Nous avons besoin d’aller à un exercice de réconciliation.
Il y a eu beaucoup de violences, il n’y a pas eu que le 28 septembre. Avant, il
y en a eu et surtout, après. Sous le régime d’Alpha Condé, il y a eu 250 jeunes
qui ont été abattus, souvent à bout portant lors de manifestations. Ils n’ont
pas eu, non plus, droit à la justice. Je pense que, pour qu’il n’y ait plus
jamais ça, il est important que les Guinéens se retrouvent. Lorsqu’il y aura
des institutions légitimes, parce qu’il faudrait envisager de prendre des lois
d’amnistie qui ne peuvent être que le fait d’une assemblée élue.
Vous souhaitez la mise en place d’institutions légitimes en
Guinée. Cela fait plusieurs mois que vous n’êtes pas revenu sur le sol guinéen.
Vous considérez-vous aujourd’hui comme un exilé ?
Je ne suis pas rassuré quant à l’indépendance de la justice.
La manière dont elle a géré deux dossiers me concernant a aggravé, vraiment,
mes préoccupations quant à l’indépendance de la justice. Il y a eu l’affaire de
ma maison, qui a été réduite en poussière alors que le dossier était à la
justice. Ensuite, le dossier d’Air Guinée où l’on m’attribue la responsabilité
d’avoir, non seulement, décidé de la liquidation d’Air Guinée et de la vente de
ses actifs alors que, tout le monde le sait, le ministère de Transports, que je
dirigeais, n’a pas participé.
Ce sont ces deux
affaires qui font que vous ne rentrez pas en Guinée aujourd’hui ?
Ces deux affaires me font douter quant à l’indépendance de
la justice. Je pense que l’on a voulu instrumentaliser la justice pour me faire
mal ou pour, sans doute, me disqualifier des prochaines échéances électorales. J’ai
l’intention de rentrer en Guinée
Êtes-vous en exil
actuellement ?
Non, pas du tout. J’ai l’intention de rentrer en Guinée. Je
voulais simplement avoir les gages que la justice dira le droit et rien que le
droit.
On parle beaucoup,
justement, en Guinée pour le moment, du climat politique. Le gouvernement
affiche sa volonté de relance du dialogue. L’ANAD, la coalition que vous
dirigez, est-elle prête à saisir cette nouvelle main tendue ?
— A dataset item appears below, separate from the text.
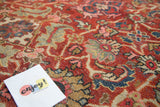 Hand-knotted Mahalati rug pile close-up, revealing cherry red field, intricate Herati motif, blue vinery, and beige.
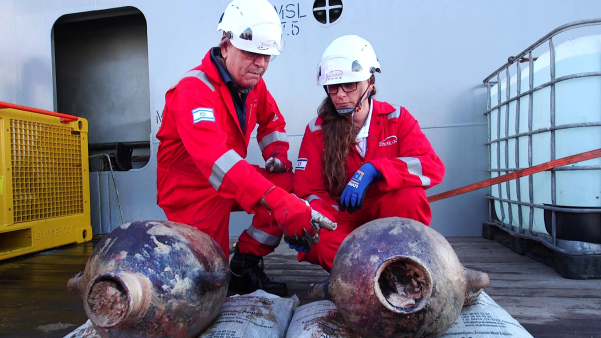 Two archaeologists examine ancient jars from shipwreck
Nous sommes demandeurs du dialogue. Nous considérons qu’il
est urgent d’aller à l’organisation des élections pour mettre en place des
institutions légitimes. Mais jusqu’à présent, dans tous les dialogues qu’il y a
eu, on n’a pas abordé ces questions. On va parler de refondation de l’État, de
réconciliation nationale, de recensement général de la population. Pour nous,
il est urgent d’organiser la sortie de la période d’exception.